Con todo, tanto Antònia Font como Manel vinieron a rellenar un hueco que yo necesitaba en ese momento, y el regalo que me hicieron es mucho más que una serie de discos muy buenos que me han acompañado en todas y cada una de las aventuras que he emprendido. Lloré con Viure sense tu, cuando la letra tuvo un sentido real y físico; lloré con Wa Yeah!, me he emocionado escuchando Captatio miles de veces, y me he reído con la letra de Roma. Pero también me ha hervido la sangre de rabia con canciones como Corbelles o Cap per avall, y he tomado decisiones vitales y militantes al son de letras como Ofensiva Tutupà.

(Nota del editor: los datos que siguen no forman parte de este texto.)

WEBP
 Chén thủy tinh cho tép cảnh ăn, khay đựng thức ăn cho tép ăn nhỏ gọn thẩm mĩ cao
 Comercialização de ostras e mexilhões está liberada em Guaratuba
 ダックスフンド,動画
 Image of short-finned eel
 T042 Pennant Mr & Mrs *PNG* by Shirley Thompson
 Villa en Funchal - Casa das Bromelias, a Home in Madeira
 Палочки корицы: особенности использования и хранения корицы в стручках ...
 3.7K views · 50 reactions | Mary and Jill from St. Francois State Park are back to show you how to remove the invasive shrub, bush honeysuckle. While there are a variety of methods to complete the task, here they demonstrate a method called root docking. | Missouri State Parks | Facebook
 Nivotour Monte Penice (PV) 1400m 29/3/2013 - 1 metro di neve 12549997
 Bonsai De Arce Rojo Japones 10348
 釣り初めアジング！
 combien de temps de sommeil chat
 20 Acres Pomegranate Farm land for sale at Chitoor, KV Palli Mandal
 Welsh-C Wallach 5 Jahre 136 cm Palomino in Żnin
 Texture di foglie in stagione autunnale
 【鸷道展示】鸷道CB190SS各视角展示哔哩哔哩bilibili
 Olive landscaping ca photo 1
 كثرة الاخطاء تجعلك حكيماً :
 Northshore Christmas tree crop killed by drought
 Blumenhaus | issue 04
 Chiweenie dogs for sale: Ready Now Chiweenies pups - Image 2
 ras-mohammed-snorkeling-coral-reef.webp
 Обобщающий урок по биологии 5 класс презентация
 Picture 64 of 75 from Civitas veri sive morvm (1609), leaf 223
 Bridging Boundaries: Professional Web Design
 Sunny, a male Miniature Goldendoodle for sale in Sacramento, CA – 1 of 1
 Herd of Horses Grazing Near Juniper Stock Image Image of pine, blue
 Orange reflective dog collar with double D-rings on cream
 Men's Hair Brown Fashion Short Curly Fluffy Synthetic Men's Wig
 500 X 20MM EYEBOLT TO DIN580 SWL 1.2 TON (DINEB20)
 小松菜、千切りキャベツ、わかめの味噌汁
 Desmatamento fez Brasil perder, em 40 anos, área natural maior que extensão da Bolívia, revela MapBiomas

Con esto, lo que pretendo poner de manifiesto es que experimentar la música, muchas veces, nos cambia y nos transforma de formas que resulta imposible prever. Quien crea que la música solo es eso que escuchamos de fondo mientras hacemos cualquier otra cosa, está muy equivocado. Aunque pretendan quitarle el poder emocional y transformador que le es propio, la música —del tipo que sea— nos cambia y nos moldea y es fundamental en la construcción de nuestras propias identidades. Al menos, yo no lo concibo de ninguna otra manera, y es increíble la cantidad de cosas que he aprendido a través de, sencillamente, este ruido eterno que me lleva acompañando todo este tiempo y sin el que seria incapaz de explicarme, a mi mismo, el mundo que me rodea. Porque todo, siempre, está en alguna canción, incluso mi relación con mi tierra y mis raíces, tanto, que conseguí hacer mío algo que me era tan ajeno como una lengua que ni siquiera era capaz de hablar. Tal es el poder de todo esto. No lo desperdiciemos.
Encara que jo sigui un trol i ella una elfa de la nit, ens ha costat déu i ajuda arribar fins aquí.